Dementia and cognitive impairment not dementia (CIND) are under-detected amongst First Nations peoples attending primary care. This trial implemented a culturally adapted best-practice model of care to increase detection and optimise management of CIND/dementia.
This closed cohort open-label, stepped-wedge, cluster-randomised trial recruited 12 Aboriginal community-controlled primary health care services (ACCHSs) across urban, regional and remote settings in Australia. ACCHSs were eligible to participate if they conducted annual health checks, engaged in continuous quality improvement processes and had ≥55 clients aged ≥50 years. After a baseline control period, four ACCHSs were scheduled to enter the intervention phase every six months. During the intervention phase, ACCHSs were supported to embed best-practice dementia care through staff education and practice change initiatives. Co-primary outcomes were: (i) documented detection of CIND/dementia and, (ii) evidence of uptake of the diagnostic pathway measured as presence of ≥2 of: use of cognitive assessment tools, relevant pathology investigations, neuroimaging, and/or referral of clients with cognitive concerns to specialist services. Data were analysed with mixed effects complementary log-log regression. This study was registered with the Australia and New Zealand Clinical Trials Registry, ACTRN12618001485224.

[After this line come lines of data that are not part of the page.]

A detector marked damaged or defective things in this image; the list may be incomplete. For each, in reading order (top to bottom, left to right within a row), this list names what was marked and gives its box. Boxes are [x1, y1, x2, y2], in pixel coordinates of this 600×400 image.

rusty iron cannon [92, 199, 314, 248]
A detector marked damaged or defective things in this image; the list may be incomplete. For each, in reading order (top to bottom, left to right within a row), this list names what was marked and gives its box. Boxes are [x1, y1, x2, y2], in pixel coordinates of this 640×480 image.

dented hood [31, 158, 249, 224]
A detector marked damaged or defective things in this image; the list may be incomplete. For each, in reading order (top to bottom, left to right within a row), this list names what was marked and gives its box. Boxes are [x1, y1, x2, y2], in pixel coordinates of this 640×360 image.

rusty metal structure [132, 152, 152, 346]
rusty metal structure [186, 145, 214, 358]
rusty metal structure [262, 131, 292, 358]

Between September 2018 and January 2019, 12 ACCHSs were recruited, comprising a sample of 1655 ACCHS clients aged ≥50 years (mean 60.3 ± 8.2 years), of whom 935 (56.5%) were female. One ACCHS withdrew during the study. After adjustment for time, the intervention did not show evidence of an effect for the first co-primary outcome (detection of CIND/dementia): HR = 1.53 (95% CI 0.64, 3.65). However, the intervention improved the second co-primary outcome (uptake of diagnostic pathway): HR = 2.34 (95% CI 1.05, 5.25). Intention-to-treat analyses yielded similar results.
The co-developed best-practice model of care for cognitive impairment and dementia for Aboriginal and Torres Strait Islander people attending primary care improved the diagnostic CIND/dementia management process.

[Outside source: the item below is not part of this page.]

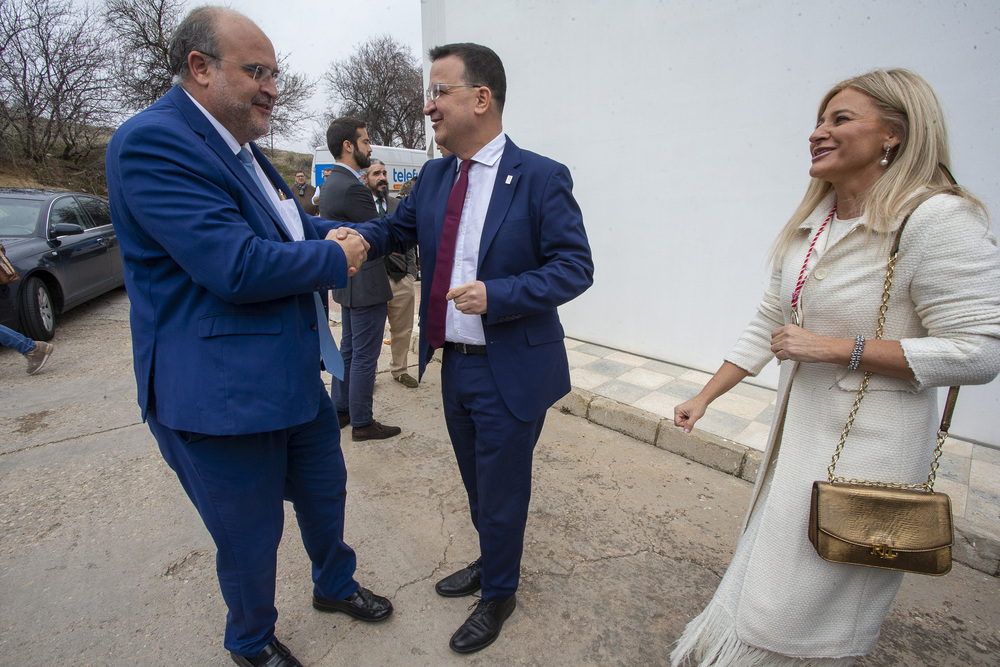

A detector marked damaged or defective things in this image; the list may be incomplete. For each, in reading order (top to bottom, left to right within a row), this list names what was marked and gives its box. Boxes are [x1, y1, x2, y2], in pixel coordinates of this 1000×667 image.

cracked concrete pavement [0, 290, 996, 664]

National Health and Medical Research Council (Australia) and Dementia Training Australia.
在接受初级保健的原住民中,痴呆症和非痴呆性认知障碍(CIND)的检出率较低。本试验实施了一种经过文化调整的最佳实践护理模式,以提高对CIND/痴呆症的检测并优化管理。
这项封闭队列开放标签、阶梯式楔形、整群随机试验在澳大利亚城市、地区和偏远地区招募了12家原住民社区控制的初级卫生保健服务机构(ACCHS)。如果ACCHS进行年度健康检查、参与持续质量改进过程且有≥55名年龄≥50岁的客户,则有资格参与。在基线对照期后,每六个月安排4家ACCHS进入干预阶段。在干预阶段,通过员工教育和实践变革举措,支持ACCHS采用最佳实践痴呆症护理。共同主要结局为:(i)记录在案的CIND/痴呆症检测情况,以及(ii)通过以下至少两项的存在来衡量的诊断途径采用证据:使用认知评估工具、相关病理检查、神经影像学检查,和/或将有认知问题的客户转诊至专科服务机构。数据采用混合效应互补对数-对数回归分析。本研究已在澳大利亚和新西兰临床试验注册中心注册,注册号为ACTRN12618001485224。
2018年9月至2019年1月期间,招募了12家ACCHS,包括1655名年龄≥50岁的ACCHS客户样本(平均60.3±8.2岁),其中935名(56.5%)为女性。一家ACCHS在研究期间退出。在对时间进行调整后,干预措施对第一个共同主要结局(CIND/痴呆症检测)未显示出效果:风险比(HR)=1.53(95%置信区间0.64,3.65)。然而,干预措施改善了第二个共同主要结局(诊断途径的采用):HR=2.34(95%置信区间1.05,5.25)。意向性分析得出了类似结果。
为接受初级保健的原住民和托雷斯海峡岛民共同开发的认知障碍和痴呆症最佳实践护理模式改善了CIND/痴呆症的诊断管理过程。
澳大利亚国家卫生与医学研究委员会和澳大利亚痴呆症培训组织。